When Deliver Us From Evil was screening in cinemas few years ago, I took advantage of a free Saturday evening and watched it.

It is the only movie which has ever caused me to weep. At its end I staggered back to the seminary in shock. I remember spending hours in the chapel that night — and in the days and weeks afterwards — processing what I had seen. And asking: do I really want to give my life to the Church?

I was no naïf, but my faith in the Church had never been so badly shaken. In fact I had to renew my faith in the Church. I think this is just another way of saying I had to renew my faith in the Holy Spirit. Faith in the Holy Spirit is not a vague belief in God’s ephemeral presence in the world. Faith in the Holy Spirit is faith in Christ. Faith in Christ’s sacraments. Faith in Christ’s Church.

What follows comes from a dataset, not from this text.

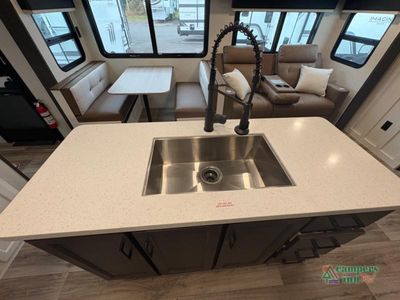 2027 Venture RV SportTrek Touring Edition - Photo 32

We can’t truly believe in the Holy Spirit, I think, unless we love the Church, and trust the Church. It’s much easier to say “I trust the Holy Spirit,” than it is to say “I trust the Church.” But for Catholics the former can only have meaning if the latter is also uttered.

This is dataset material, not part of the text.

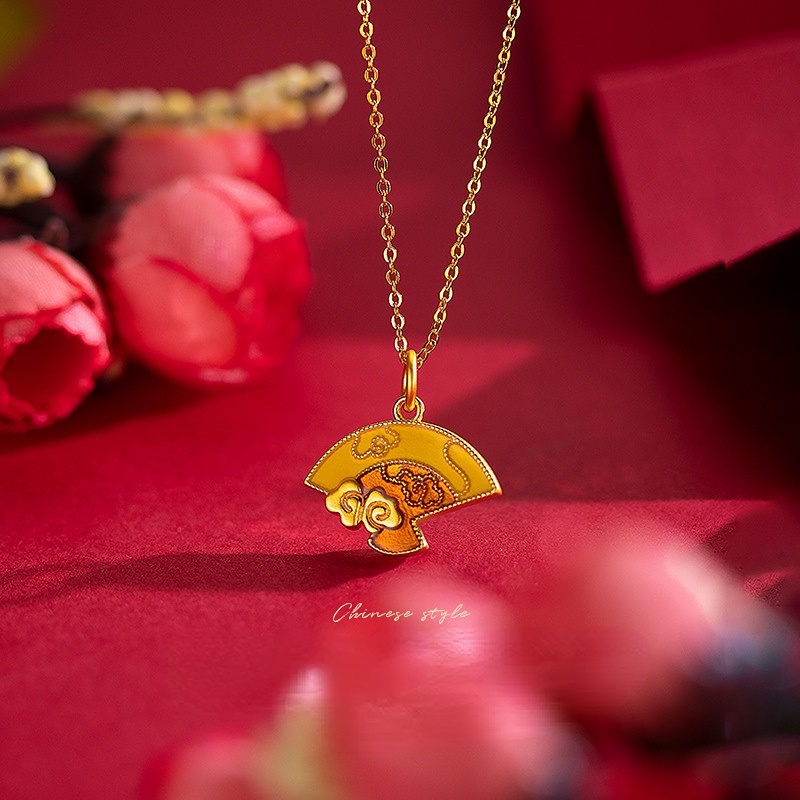 Goldkingdom Fashion Perhiasan 24 K Bangkok Aksesoris Ready Stock Gaya Kuno Membakar Biru Kipas Lipat Liontin Perempuan Lukisan Minyak Kipas Kecil Kalung Liontin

William Day kind of gets this. In ‘Don’t tell the Cathedral’ he is able to discern what secular coverage of the Church so easily obscures: ‘the Church’ isn’t equivalent to ‘the hierarchy and the Magisterium.’ He rightly claims, “Public assessment of the Catholic Church must not make the mistake of throwing the baby out with the bathwater.”

Unfortunately, he is a too zealous in his definition of what constitutes bathwater, and seems to end up excluding the hierarchy and the Magisterium from the authentic Church. I’m not sure how a rejection of Catholic tradition could possibly be a panacea for the Church.

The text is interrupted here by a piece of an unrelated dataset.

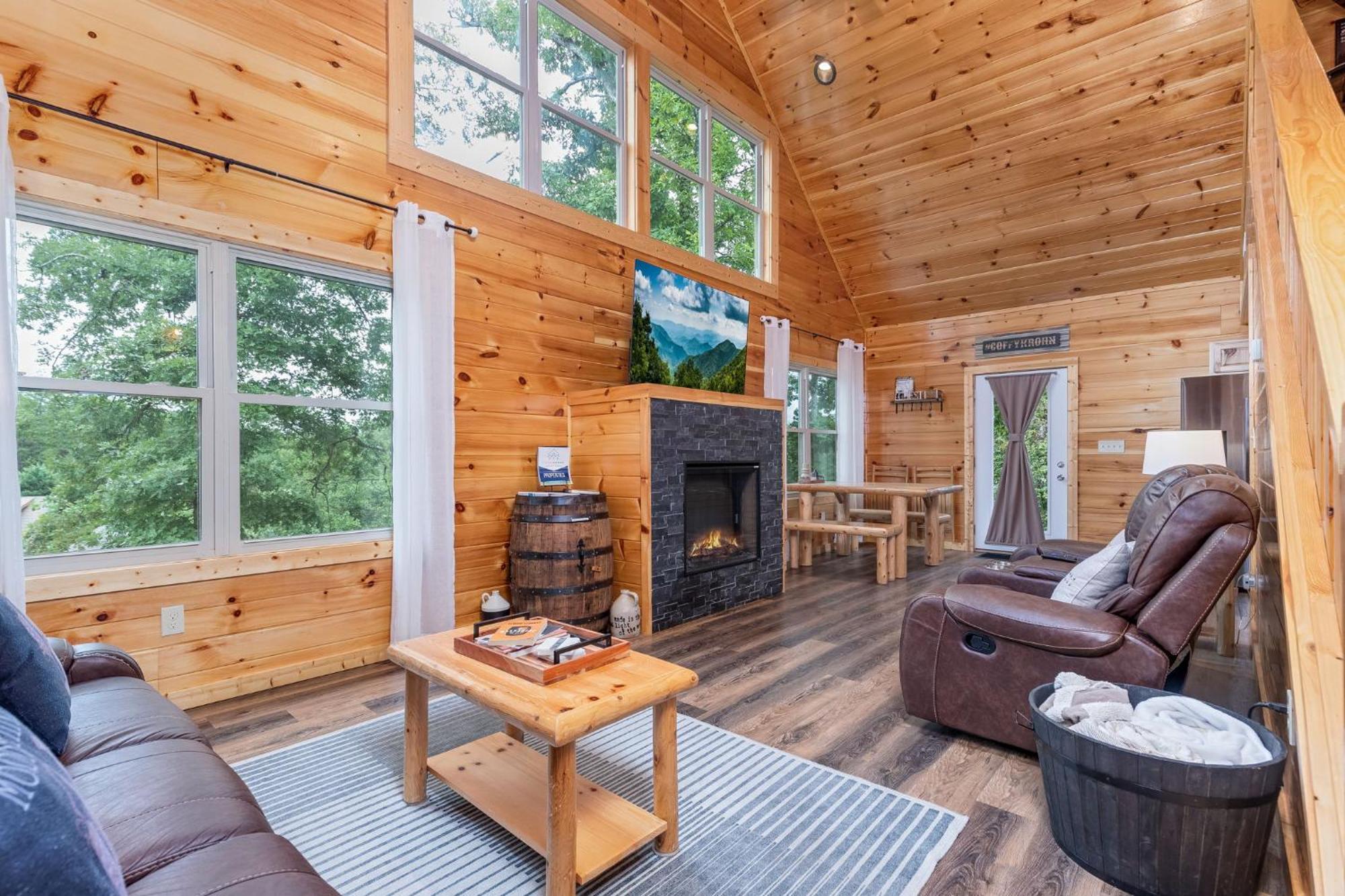 Fully Loaded Cabin In Heart Of Pigeon Forge Exteriér fotografie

But I can at least agree with him on this:

Within the church there is a tendency to trust that the Spirit will work at its own pace and in its own time – usually slowly.

He calls this a “grumbling patience,” and perhaps it is for the most part. But the saints show us how to apply it more serenely and cheerfully:

I seemed not to recognise the presence of the Bishop and priests as I knelt before the judgment seat. But I felt such a love for their office. A love and sort of reverence for the very sentence which I knew was being in full force passed upon me. I do not know how to describe the feeling but I was intensely happy and felt nearer to you than I had ever felt before. I shall never forget the sensation of the calm, beautiful presence of God.

That — as most readers probably already know — is a firsthand account of St Mary MacKillop’s excommunication, related by her in a letter to Fr Tenison Woods.

I don’t think it’s sufficient to believe that the Holy Spirit is in the mess of the Chuch, somewhere, and then spit in the direction of the hierarchy confident that the Spirit isn’t there. Faith in the Holy Spirit means loving the Church, and its traditions, and showing due reverence even towards human agents we have rightful cause to resent. Because the Holy Spirit is there, in spite of everything.

This has nothing to do with quietism or blind obedience. Nobody could accuse St Mary of the Cross of that.

It has everything to do with a supernatural outlook, which can shift one’s focus to how God acts, rather than how humans react. Dissent and disobedience may be satisfying, especially if it’s righteous. But that’s nothing more than a human reaction to a human reaction. A distraction from divine action. That is what the Church is: divine action. God acting in the world. Concretely. In the midst of our human mess.